In de middeleeuwen werd in Europa reizen zonder lepel als een uitdrukking van de ergste armoede beschouwd. De arme reizigers hadden een houten lepel op zak, de rijken bezaten een zilveren of een gouden lepel. Deze lepels werden in een foedraal, een op maat gemaakt doosje, bewaard. Het was tot in de 17e eeuw gebruikelijk dat iedere gast zijn of haar eigen bestek meenam.

 

De vork kwam pas vééééél later, want eigenlijk is die het minst nodig van al het bestek. De lepel is verreweg het meest gebruikte bestekstuk aan tafel. Als je er goed over nadenkt lijkt een lepel op het kommetje van je hand. Een vork is er voornamelijk om iets ‘vast te houden’ dat je wilt snijden en in je mond wilt stoppen zonder je vingers te verbranden.

 

Opvallend is dat het bestek in de loop van de tijd is aangepast aan de eetgewoontes van een bepaald land of regio: In Nederland hebben wij groot bestek, omdat wij relatief veel eten. Maar in Engeland, gebruiken ze de maat van onze soeplepel als opscheplepel.

 

In Amerika maken ze het nog bonter, daar is het bestek nog een slag groter dan dat van ons. Onze dessertlepel wordt in Amerika gebruikt als theelepel!

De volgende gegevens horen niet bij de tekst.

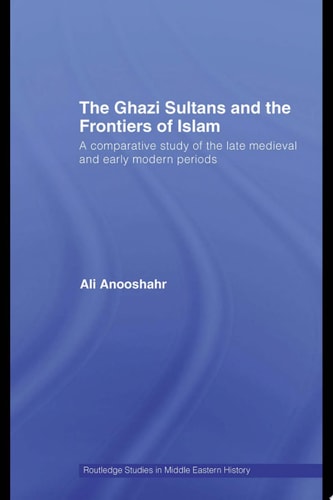 The Ghazi Sultans and the Frontiers of Islam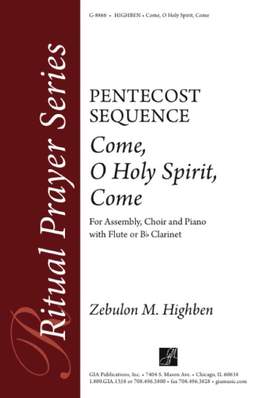 Zebulon M. Highben: Come, O Holy Spirit, Come - Instrument edition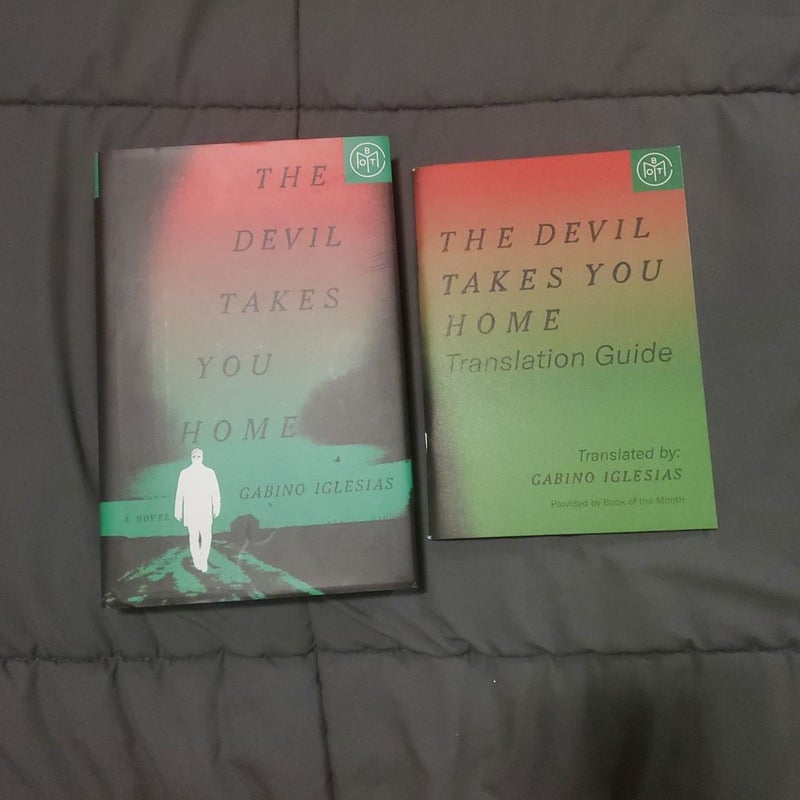 The Devil Takes You Home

En dan heb je ook nog allerlei ‘speciale’ bestekken, want inmiddels is er voor alles wel een bestek: visbestek, espressolepel, kreefthaak, taartvork, oestervork, botermes, ijslepel, soeplepel, vleesmes en opscheplepel. En dan missen we er nog een hoop.

Chef Herman.

 

Tip: zit je in een luxe restaurant en heb je geen enkel idee welk bestek je moet pakken? Werk altijd (per gang) van buiten naar binnen, dan kan er niks fout gaan!